Persian meals are usually served along with a plate full of fresh and seasonal herbs and vegetables (sabzi khordan) such as tarragon, basil, chives, mint, parsley, cilantro, radishes and scallions. Cooking with herbs and vegetables is an essential part of Persian cooking. In addition to our meat based dishes we have our delicious and healthy vegetable foods as well. I often remind my kids to eat their fruits and veggies everyday! It's perhaps a part of being a mom that you tend to repeat things till you get the results you wish and hope for!
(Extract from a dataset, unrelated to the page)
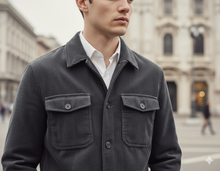 Carica l'immagine nel visualizzatore di Gallery, Giacca Sahariana Field Jacket velluto grigio scuro 4 tasche Overshirt 100% cotone Made in Italy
It takes a certain skill, patience and perseverance to teach your children about nutrition and healthy food and to feed them well. Sometimes I feel as if I'm in a competition with the neighborhood pizzeria and Taco Bell and they get to win many times! I try to serve fresh herbs, green salads and fruits with every meal of the day.
This recipe is adapted from Najmieh Batmanglij's Food of Life
2 cups frozen chopped spinach, thawed and drained
1 large onion, thinly sliced
1-2 cloves of garlic, minced
1/3 teaspoon turmeric
Salt and pepper to taste
Oil for frying (I used olive oil)
- Heat oil in a large skillet over medium heat, saute onion till golden brown, add garlic, turmeric and saute for another 5 minutes.
- Add spinach, season to taste with salt and pepper. Cook for 5-7 minutes on medium heat.
- Break the eggs one at a time into a small bowl and then gently place it on top of the vegetables.
- Cover and cook for few minutes until the eggs are set.